Des policiers sont pris à parti par des "jeunes". Qu'en pensent les Taubira et Valls du Parti socialiste laxiste? Pensez y  avant de mettre votre bulletin de vote dans l'urne dimanche prochain.

Poitiers. Les trois jeunes majeurs poursuivis après l’attaque à coups de pierre d’une patrouille de police, vendredi matin à Poitiers, ont été remis en liberté.

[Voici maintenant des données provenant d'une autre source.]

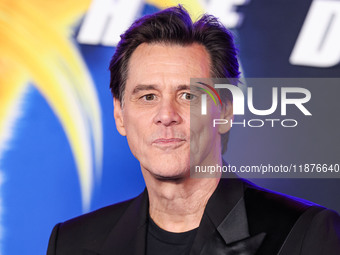 Jim Carrey arrives at the Los Angeles Premiere Of Paramount Pictures' 'Sonic The Hedgehog 3' held at the TCL Chinese Theatre IMAX on Decembe...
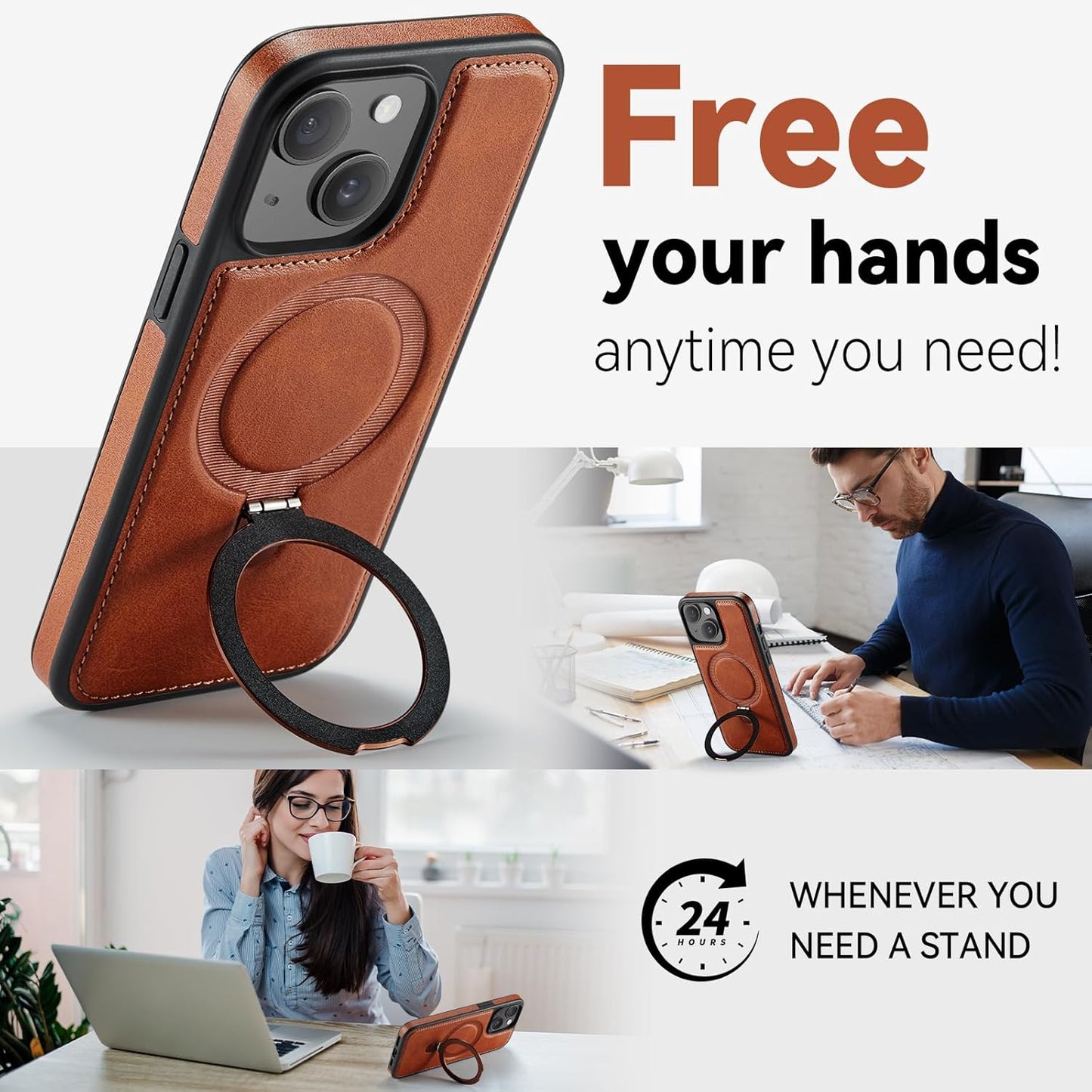 CHEEWADA 15 6.1", for iPhone Case with Stand Compatible with Magsafe Slim PU Leather & Durable TPU Drop Proof Magnetic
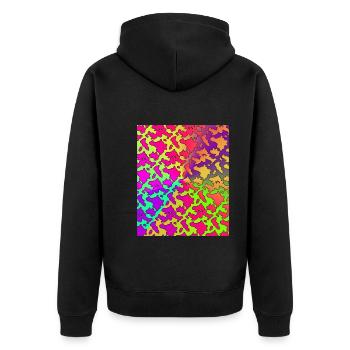 Buntes Kuh Muster Kuhflecken Kuh Geschenk Kuh - Unisex Premium Bio Zip Hoodie - Schwarz - Hinten - Nico (187cm)
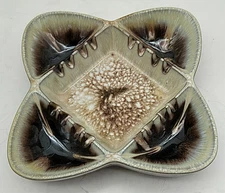 Vintage MCM Atomic Starburst Ashtray Ceramic Pottery Coffee Table 9.75" Diameter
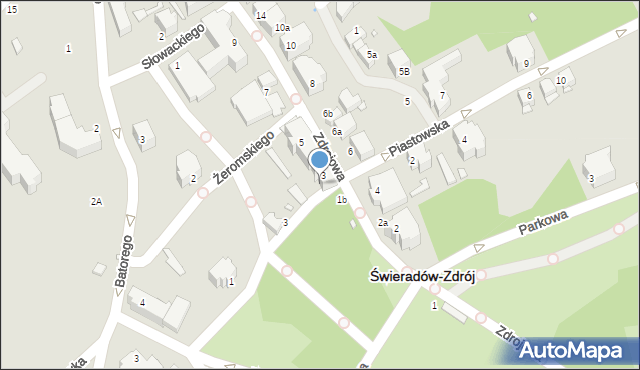 Świeradów-Zdrój, Zdrojowa, 3a, mapa Świeradów-Zdrój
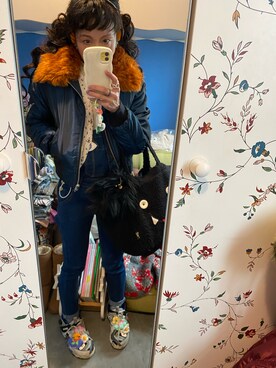 「FOREVER 21（フォーエバー トゥエンティーワン）のアイテム（ミリタリージャケット）」を使った、Y🐻N🎸さん（レディース・153cm）の冬コーディネート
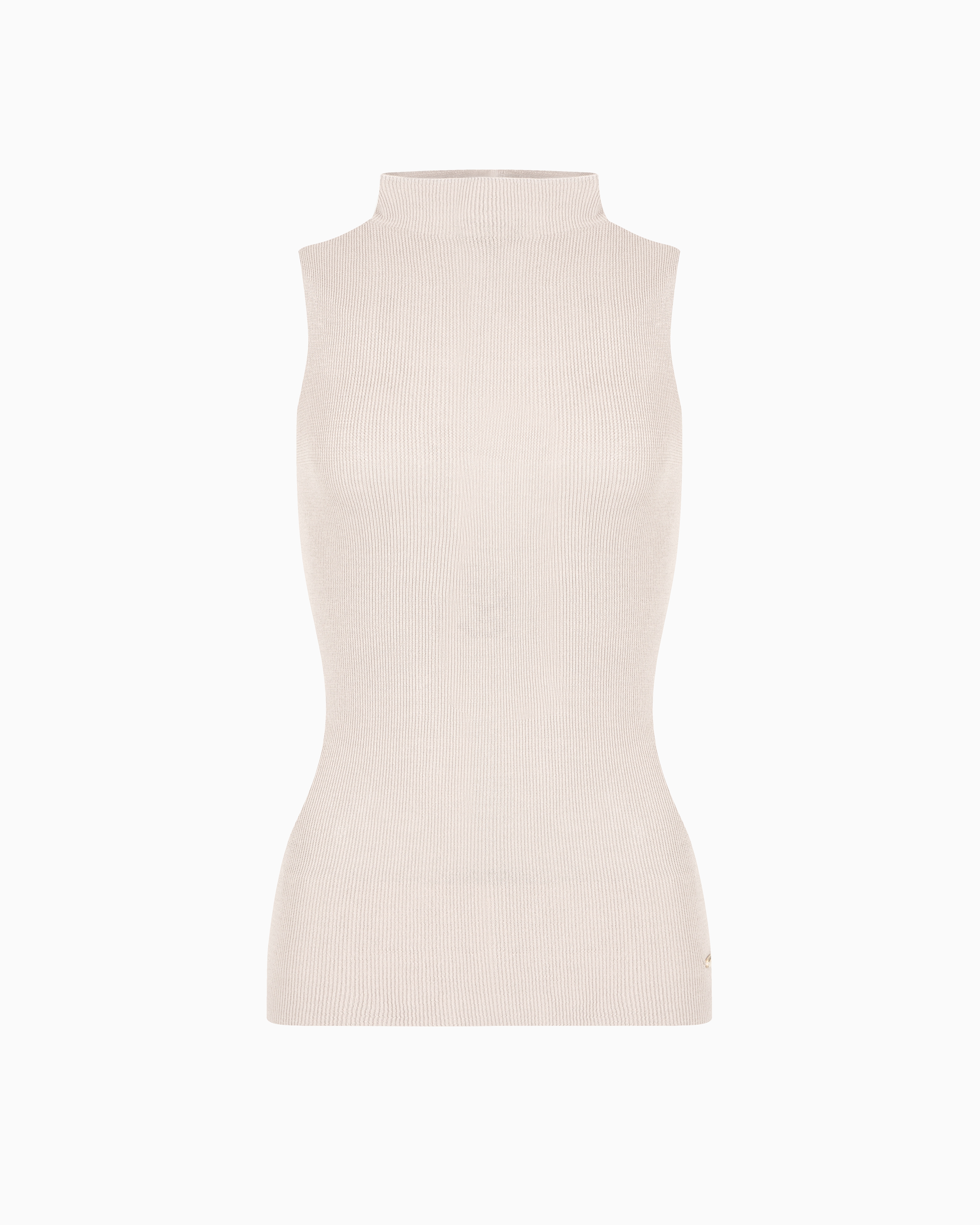 Emporio Armani - Dawn to Dusk rib-knit top, Woman, Beige, Size:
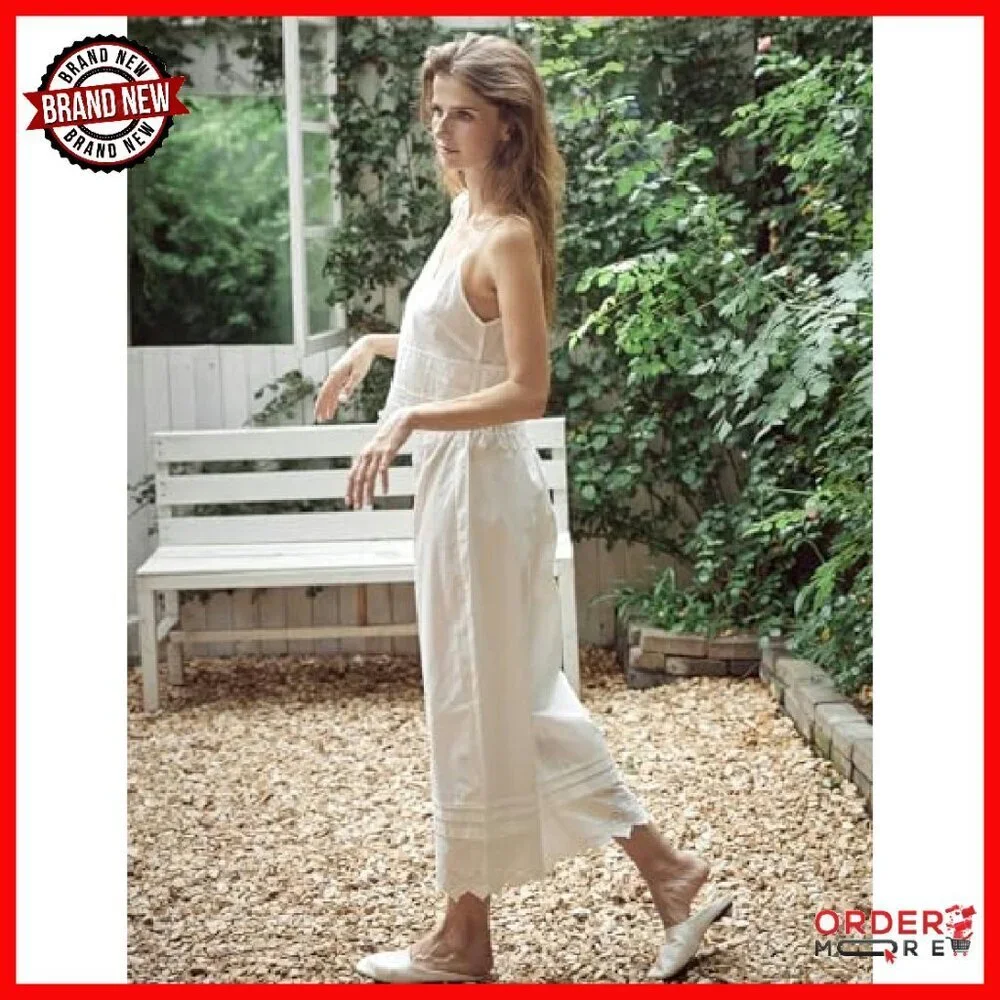 Cotton Pettipants with Pockets Horizontal Pleating Lace Trim Half Slip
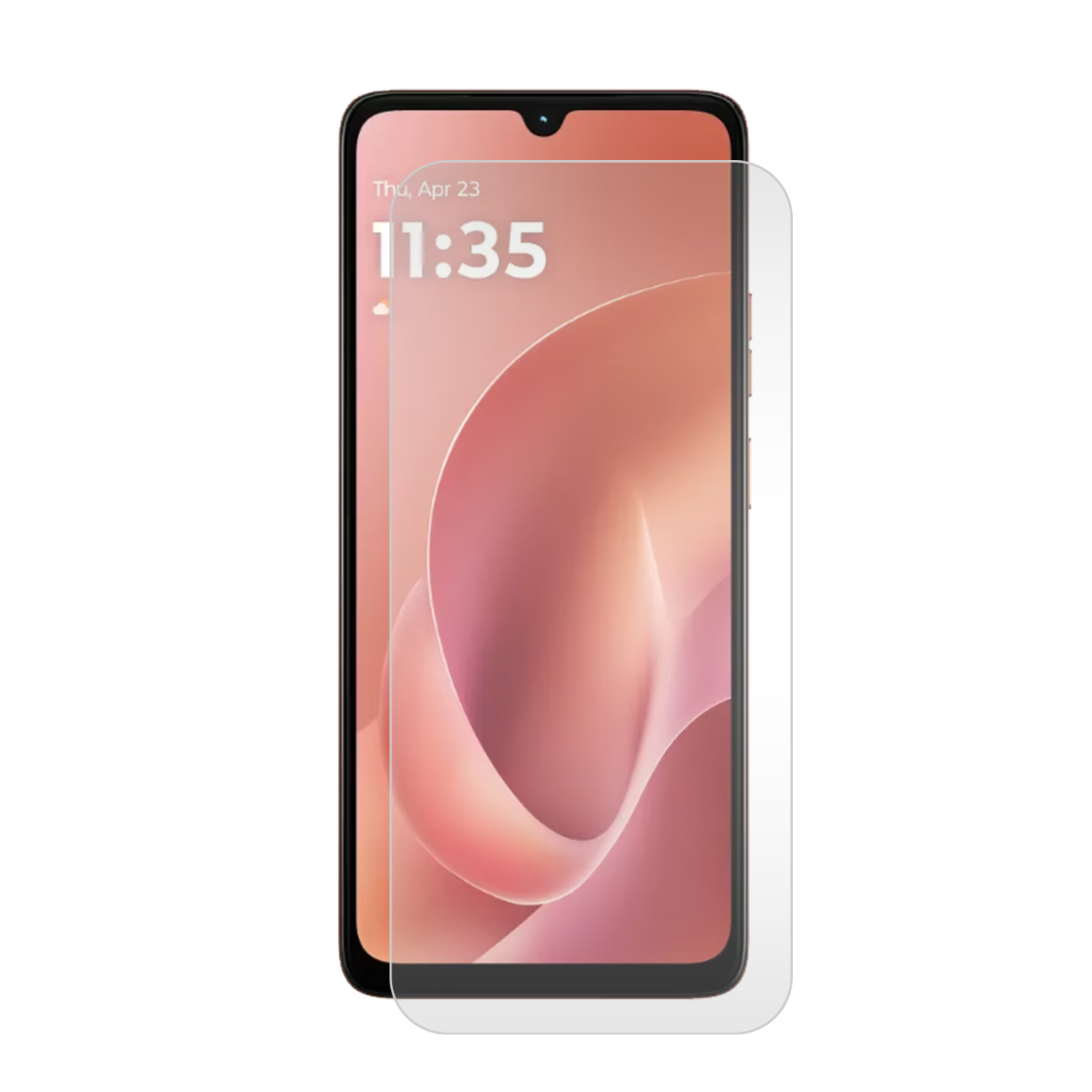 Un smartphone avec un protecteur d'écran appliqué. L'écran affiche la date et l'heure. L'arrière-plan est un design doux et abstrait.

Aucun des trois jeunes hommes d'une vingtaine d'années accusés d'être mêlés de près ou de loin au caillassage, vendredi, d'une patrouille de police n'a été maintenu en détention. Tous ont quitté la prison de Vivonne dans la soirée. Les faits commencent peu après 6 heures du matin. Une patrouille de police remarque une voiture qui démarre en trombe à son arrivée. A l'issue d'une brève course-poursuite, la voiture suspecte est abandonnée dans le quartier des Trois-Cités.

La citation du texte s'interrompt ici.